Your son is five. One morning as the sun inches over the mountains and injects the grey clouds with shots of pink and gold, you drive him to school. You rub your gloved hands together to keep the cold at bay, and as you turn onto Union Street, you press the stereo knob on and hear the all-too-familiar twang of a guitar solo. It’s the first song from the first album. For a split second, you freeze, trapped between the urge to press the knob off and the sense of pleasure that auto-fires when endorphins are sparked by recognition. But you turn your head toward the backseat, where your son looks absently out the window, over his right shoulder, and sucks on a piece of jam toast, and say,
“Hey kiddo. Your Papa is on the radio.”
Your lips sneak into a small upward curl, your eyes take on a slight squint as you think, how far I’ve come, that I’m not doubled over, crumpling. Then your face will drain as this reality settles on you, how you pictured such moments in the past, how your present is the future you envisioned then–driving with your son, his father’s voice beaming into the car–how maybe you’d both sing along or you’d sing along and he would think it was funny or weird. How different this moment is, how estranged you feel from the past.
Another two weeks pass. You drive your son to his grandparents on his dad’s side, out of the city, past its industrial fringes to their house in the country. As you ramp onto I-5, shift from 4th to 5th gear, another old song from the first album, the song that made you cry almost every time you heard it, the song you could never, not even through repetition, make yourself numb to.
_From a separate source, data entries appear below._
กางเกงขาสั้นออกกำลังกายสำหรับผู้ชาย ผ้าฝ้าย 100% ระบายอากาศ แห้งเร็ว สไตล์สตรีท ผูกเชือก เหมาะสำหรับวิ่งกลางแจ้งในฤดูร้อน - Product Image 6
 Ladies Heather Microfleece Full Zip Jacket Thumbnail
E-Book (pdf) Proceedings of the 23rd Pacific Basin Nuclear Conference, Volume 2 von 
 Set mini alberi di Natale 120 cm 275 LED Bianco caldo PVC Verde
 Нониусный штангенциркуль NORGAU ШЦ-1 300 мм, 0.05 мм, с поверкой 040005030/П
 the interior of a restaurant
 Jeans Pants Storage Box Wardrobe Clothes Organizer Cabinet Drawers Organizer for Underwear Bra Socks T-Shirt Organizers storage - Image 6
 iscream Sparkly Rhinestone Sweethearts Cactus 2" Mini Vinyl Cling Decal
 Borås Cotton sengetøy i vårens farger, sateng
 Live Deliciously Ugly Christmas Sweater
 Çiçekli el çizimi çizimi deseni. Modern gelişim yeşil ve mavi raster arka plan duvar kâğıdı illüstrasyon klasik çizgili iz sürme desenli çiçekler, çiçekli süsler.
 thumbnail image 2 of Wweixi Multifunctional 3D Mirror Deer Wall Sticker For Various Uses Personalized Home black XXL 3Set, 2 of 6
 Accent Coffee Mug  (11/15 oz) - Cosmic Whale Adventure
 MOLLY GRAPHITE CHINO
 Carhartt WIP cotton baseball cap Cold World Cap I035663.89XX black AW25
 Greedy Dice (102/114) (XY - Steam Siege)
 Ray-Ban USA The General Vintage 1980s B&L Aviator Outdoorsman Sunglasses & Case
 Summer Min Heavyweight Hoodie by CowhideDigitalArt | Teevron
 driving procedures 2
The singing starts before the music:
Don’t waste your love on me, because tonight I’ll be a ghost. Don’t hold me in your heart, because tonight I’ll be a ghost….
Heart skips, flood surges. You want to slam on the brakes. Crash your car. Anything. Stop it. But there it is: the memory.
The two of you were sitting together in your sun-filled bedroom. The light is harsh, so it must be late afternoon, when the sun drops and the west side of the house bakes. He confides in you that, sometimes, he thinks about just driving and driving and never coming back. At first you think he means suicide, but he means like leaving. You picture his depression as a vintage postcard, an artifact he might have sent you from a place long ago that arrived after his return – your shared white car pointed away, driving along a tanned and dusty road, faded fields to either side, lonely blue of mountains in the distance, the red of the rounded taillights of the ’67 Ford Falcon. Then a different memory: same room, softer light, lamplight. He has to paint a nude self-portrait for an art class, doesn’t know which is worse – having to look at himself naked or showing it to others. You say you wish he could see himself the way you see him. So you both take off your clothes and he kisses you and you’re both laughing and from below, with him above, you snap a dozen photos. Barrel chest spanned by tattooed wings, oblong mole near the armpit and a soft tuft of hair wound out through the crease. Bowl haircut hanging down, loose. In his version of the portrait, he paints a picture of your cat in the background, the cat who, the year after you married, you both held as he was put to sleep. He hung the painting in the bedroom, across from the spot on the bed where you laughed and took the photographs, the aquamarine background a mirror of the walls, capturing a moment inside a moment inside the room.
When he leaves, when he decides he no longer wants to be a husband, he leaves the painting.
From the front seat you hear your son hum along to the sound of his father’s voice.